The commenter also found my story, about how the pharmacist father of one of my mother’s friends declared he was going to vote Labour because so many people needed the NHS ‘absurd’. This was presumably because he couldn’t accept the idea of a true-blue Tory businessman ever voting Labour. But this paragraph shows this was pretty much what did happen, and the government knew it the moment the Tories voted against the Labour motion.

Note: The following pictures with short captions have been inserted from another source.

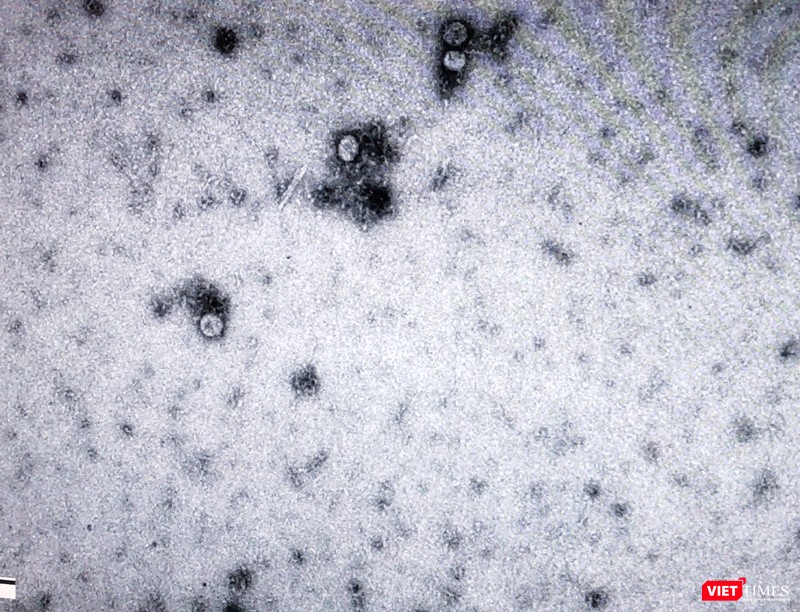 Virus SARS-CoV-2 được phân lập thành công tại Viện Vệ sinh dịch tễ Trung ương. Ảnh: Minh Thúy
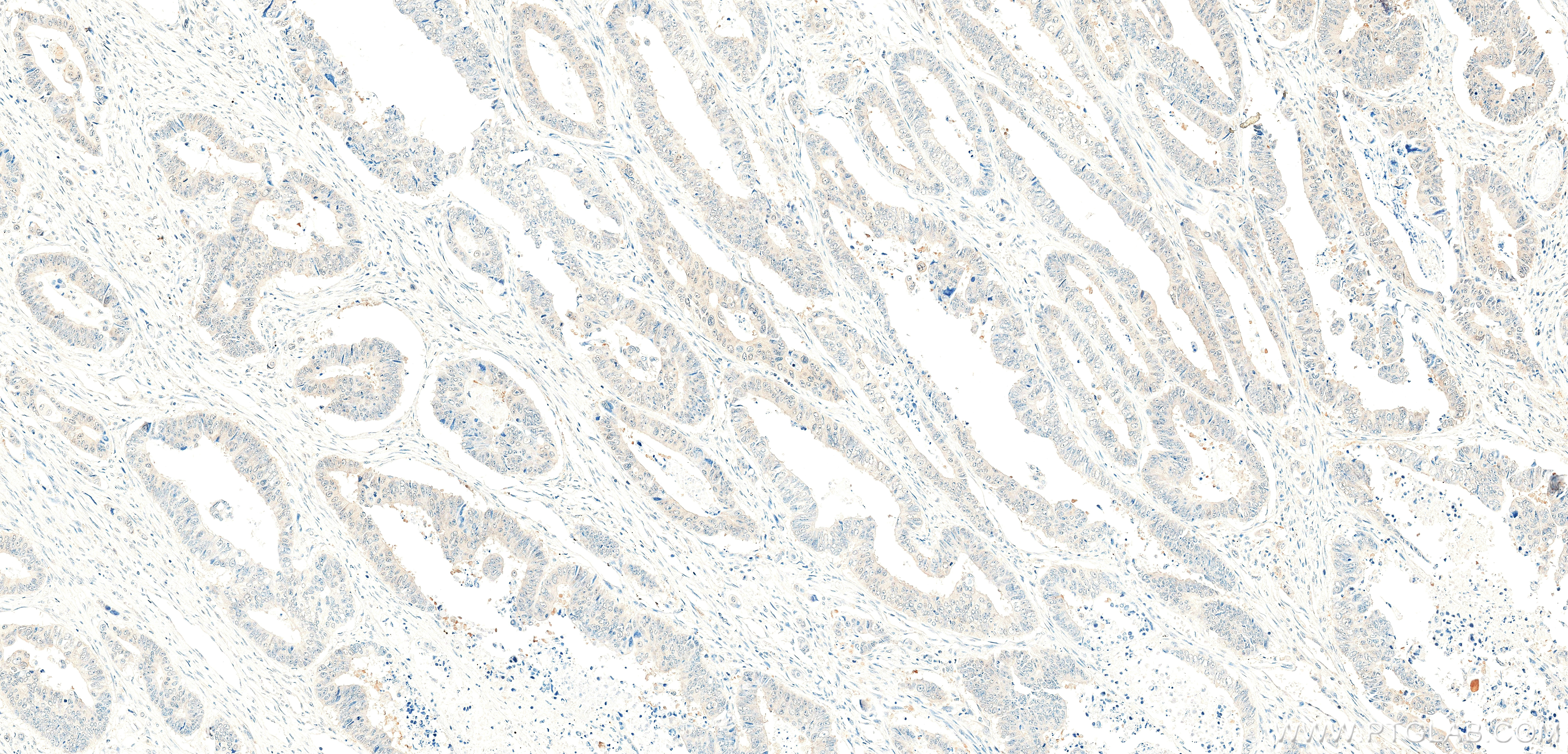 IHC staining of human colon cancer using 86587-1-RR (same clone as 86587-1-PBS) IHC staining of human colon cancer using 86587-1-RR (same clone as 86587-1-PBS)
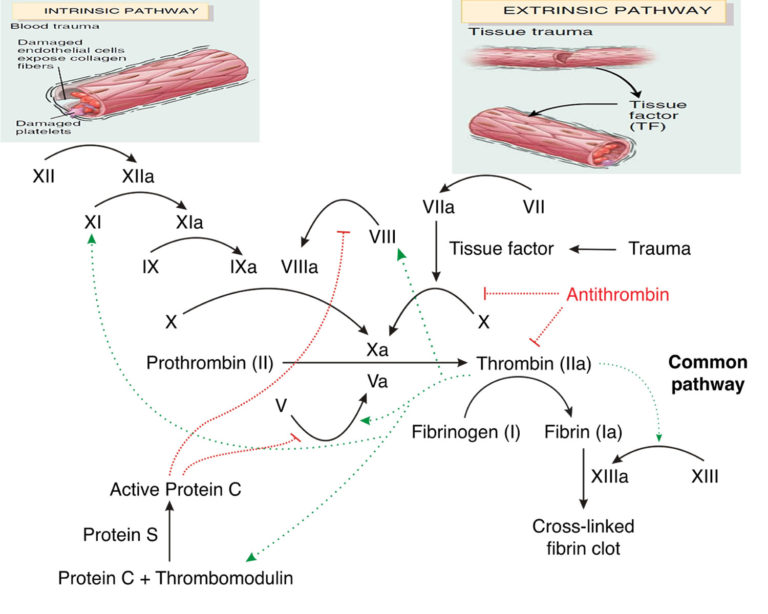 Factor V Leiden - Mutation, Symptoms, Pregnancy, Diagnosis & Treatment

As for Sydney Silverman’s statement that support for the welfare state is what makes the Labour party fundamentally different from all other parties, it’s a pity that this wasn’t taken on board by Tony Blair and Gordon Brown when they decided to continue Thatcher’s programme of dismantling the welfare state and privatising the NHS. And it’s a pit that it isn’t recognised by Bliar’s successors – Liz Kendall and now Dan Jarvis.